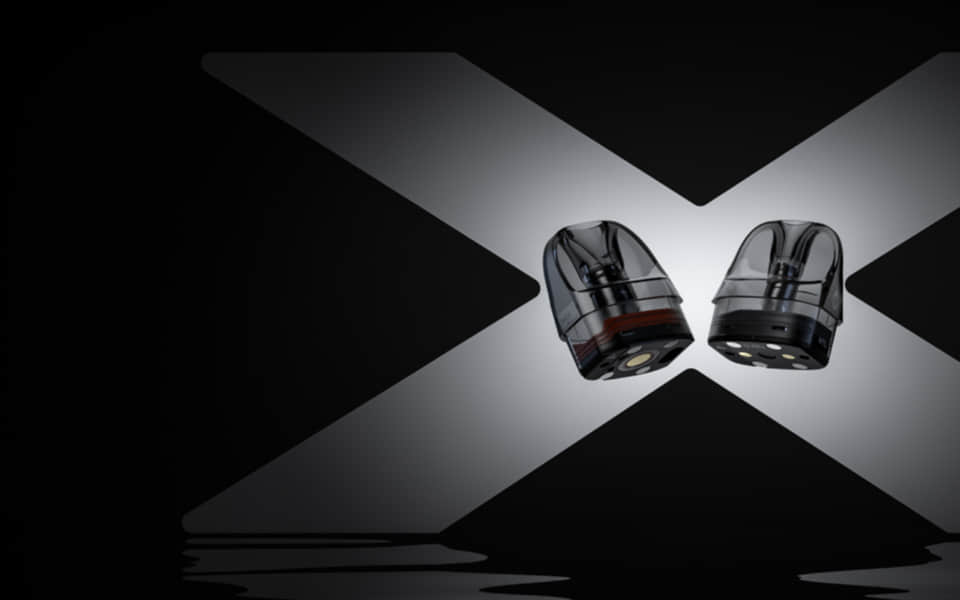 Vaporesso LUXE X POD: cartucho recargable con resistencia de malla integrada para vapeo MTL y RDL, compatible con los pod mods de la serie LUXE X.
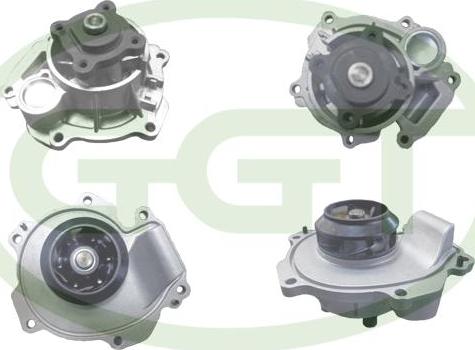 GGT PA12843 - Pompa acqua www.autoricambi360.it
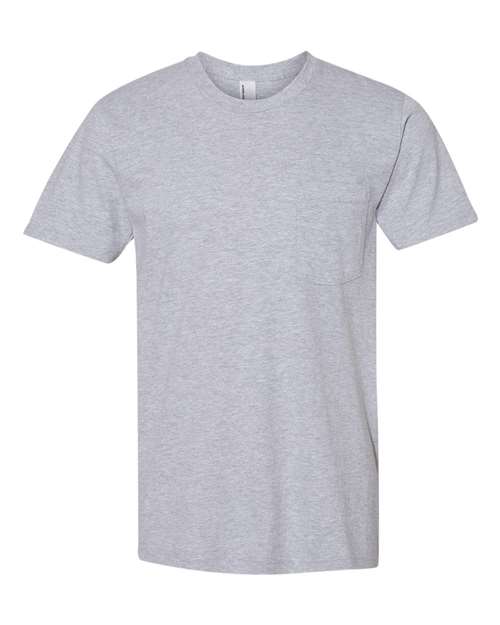 Fine Jersey Pocket Tee-American Apparel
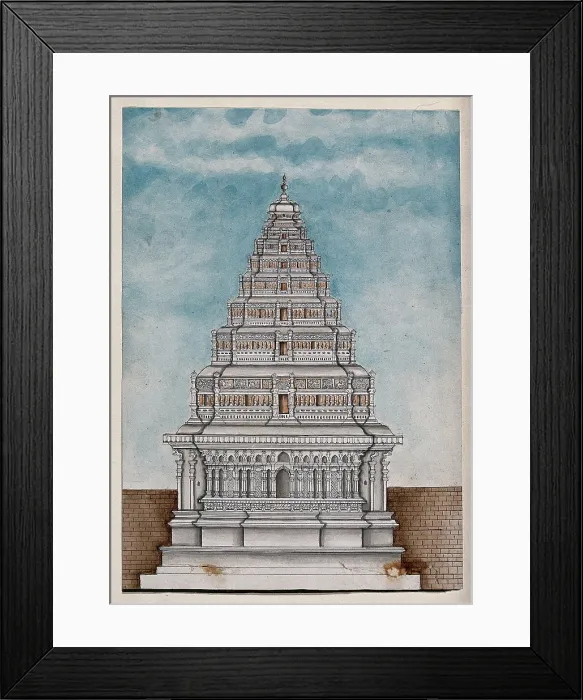 Framed Print : Tanjore: arsenal near the palace, (between 1800 and 1899?). Creator: Unknown Framed Print : Tanjore: arsenal near the palace, (between 1800 and 1899?). Creator: Unknown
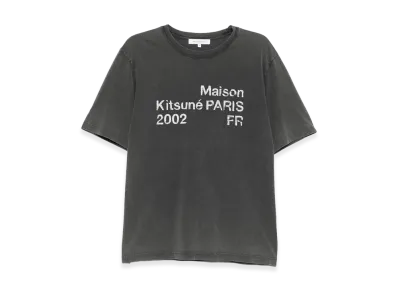 Maison Kitsune 2002 Faded Comfort Fit T-Shirt "Black"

*****

# What the exercise asks
Return an exact transcription of the material, with its pictures left out.

# Response
 Vaporesso LUXE X POD: cartucho recargable con resistencia de malla integrada para vapeo MTL y RDL, compatible con los pod mods de la serie LUXE X.
 GGT PA12843 - Pompa acqua www.autoricambi360.it
 Fine Jersey Pocket Tee-American Apparel
 Framed Print : Tanjore: arsenal near the palace, (between 1800 and 1899?). Creator: Unknown Framed Print : Tanjore: arsenal near the palace, (between 1800 and 1899?). Creator: Unknown
 Maison Kitsune 2002 Faded Comfort Fit T-Shirt "Black"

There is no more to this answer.